Cron access override best practice

I'm writing a plugin that would gather usage statistics from Elgg on a daily basis. I want to know how many registered users there are and how many logins were made each day, among other things. I was planning to make this easily extendable so that it would be possible for plugin developers, for instance, to log the daily number of searches or something similar.

Obviously, this plugin relies heavily on the cron functionality and I have question related to overriding the access settings. The idea was to have the daily cron to create a special entity, where the number of any events would be saved as metadata. I wanted to set the access_id of the entity to ACCESS_LOGGED_IN, but then, of course, the cron cannot find the entity.

Is the best solution to use elgg_set_ignore_access() in the cron? What's the best practice here? It's a powerful function and I'm scared something bad might happen :) Does this approach even make sense overall? Should the entity be public so the cron can find it without any access tweaks?

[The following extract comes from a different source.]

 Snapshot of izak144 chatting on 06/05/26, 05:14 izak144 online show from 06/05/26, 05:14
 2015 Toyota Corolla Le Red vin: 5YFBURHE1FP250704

Any other ideas how to handle this or any comments on the functionality?

Any input highly appreciated! :)

  • You could use something like SimpleBrowser to login to the site before running an action.

    You can track Javascript events in Google Analytics, so you could potentially track any kind of activity (for JS users) on the site that way.

     

  • elgg_set_ignore_access() was created to be used in cron like this.  It's usage is missing in the wiki--I swore I had written a page on it--but you'll want to do something like this:

    ...in cron hook function...

    elgg_set_ignore_access(TRUE);

    generate_stats();

    save_entities();

    elgg_set_ignore_access(FALSE);

    There's also a section in the wiki about the permissions check hook, which can be used to override write permission (canEdit()) on an entity, but can't be used to show entities that you don't have access to (access_id = ACCESS_LOGGED_IN when not logged in).

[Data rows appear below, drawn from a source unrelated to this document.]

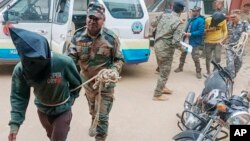 এক স্প্যানিশ পর্যটককে গণধর্ষণের অভিযোগে গ্রেপ্তার হওয়া তিনজনকে পুলিশ ২০২৪ সালের ৪ মার্চ ভারতের ঝাড়খণ্ডের দুমকা জেলা আদালতে নিয়ে এসেছে। 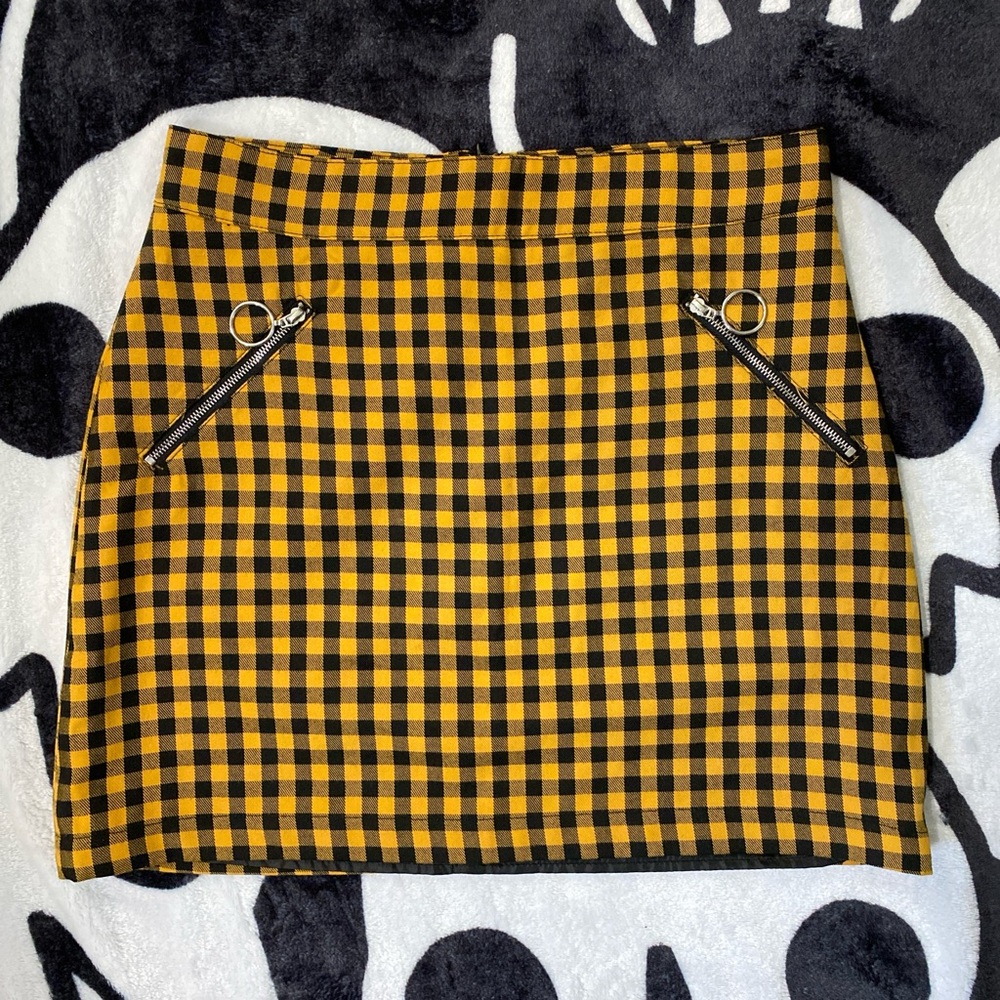 NWT Forever 21 Mustard Yellow and Black Gingham skirt, size Small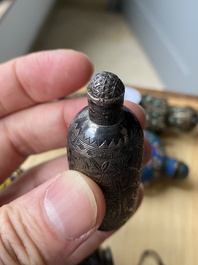 Zes Chinese snuifflessen in zilver en cloisonn&eacute;, 19/20e eeuw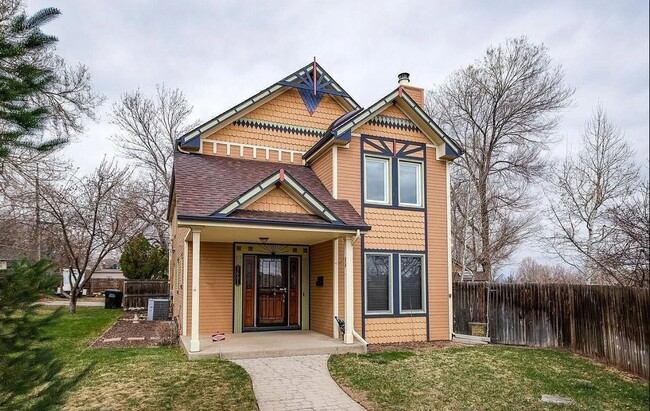 property at 1601 S Franklin St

  • I'm confused why this relies on cron.  Why not just do queries against Elgg's log table?

  • The systemlog tables are regularly rotated, so I assumed it was for caching counts and trends over certain periods to be available after rotation.

  • @Steve, That sound like an interesting approach! I'll look into it, but I think this time I'll do this inside Elgg.

    @Brett, thanks for the reply! That's axactly what I had in mind, but I just wanted to make sure that's the best way to do it.

    @Evan, Brett got it right. I want to be able to show statistics how the number of users and logins has increased in the last year, for example. That old data won't be available through the logs if logrotating is enabled.